Ewen McKenzie and Steve Hansen have accused each other of dirty play in a bitter aftermath to the Bledisloe Cup Test in Wellington.

McKenzie wants to seek an immediate review of rugby’s penalty advantage interpretations following the 27-16 defeat to the All Blacks, suggesting they expertly manipulated the laws to force Australia to kick for goals.

But Hansen warned McKenzie to “be careful” and stop blaming referees for his team’s performance.

“He just needs to be careful, how far he wants to take it, because when they have a good look at it they’ll see the Aussies taking us out off the ball,” Hansen said.

“Usually you’re better of to play the game and get on with it, you can’t blame the ref.

“You could pick holes in every decision made, but where does it get you? It is what it is, you’ve just got to take it on the chin.

“If they think that’s why they lost the game – the hardest job on the field at the moment is the referee’s.

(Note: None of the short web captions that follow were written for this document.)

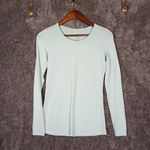 Woolx Riley Long Sleeve Crewneck Winter Weather Baselayer Womens XS Blue Photo 2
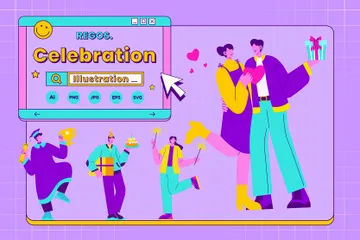 Celebration Illustration Pack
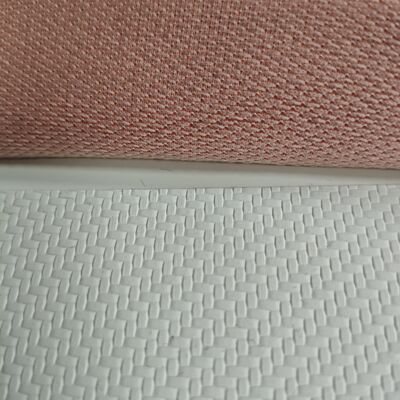 La hierba teje cuero sintético textura elegante. Fuerte rendimiento posibilidades infinitas.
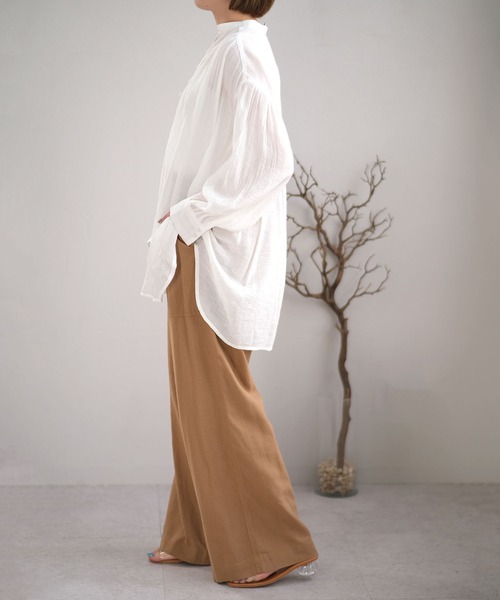 ＡＮＤＪ（アンドジェイ）の「麻混ウエストリボンベイカーストレートパンツ（その他パンツ・レディース・ミント/カーキ/ベージュ/ブラック/ベージュ系その他・M）」の19枚目の写真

“They’re getting put under a massive amount of pressure from their own boss, and they don’t need coaches to be putting it on them either.”

McKenzie was annoyed by the officiating of South African referee Jaco Peyper at Westpac Stadium yesterday, particularly when he failed to yellow card All Blacks players after continual infringements when a penalty advantage was being played.

“The one thing that interests me from a global perspective, once you’ve conceded a penalty, and the referee plays advantage, then it just seems to me to be open slather to concede another one and another one, because you’ve already conceded the first one,” McKenzie said before the Wallabies flew back to Australia on Sunday.

“You already know it’s going back anyway.

“For me, the point of an advantage is obviously to try to score.

“If in those situations you get more penalties, three penalties in the same sequence, what is that? What is it?

“Someone needs to work that bit out.

“I’m going to be asking the question of how that’s dealt with, because they are repeat infringements in the same sequence, played under advantage.

“I need to get my head around that, how that’s interpreted.”

But Hansen hit back in defence of Peyper.

“I thought he was consistent from woe to go throughout the whole game, and Ewen has just got to  he can do what he wants I guess,” Hansen said.

“I can sit here and pick holes from when they took us out, held on to us after the ball is played, and obstructed us in the midfield.

“I could do all of that, but I’m not going to.

“You just can’t blame referees for performances.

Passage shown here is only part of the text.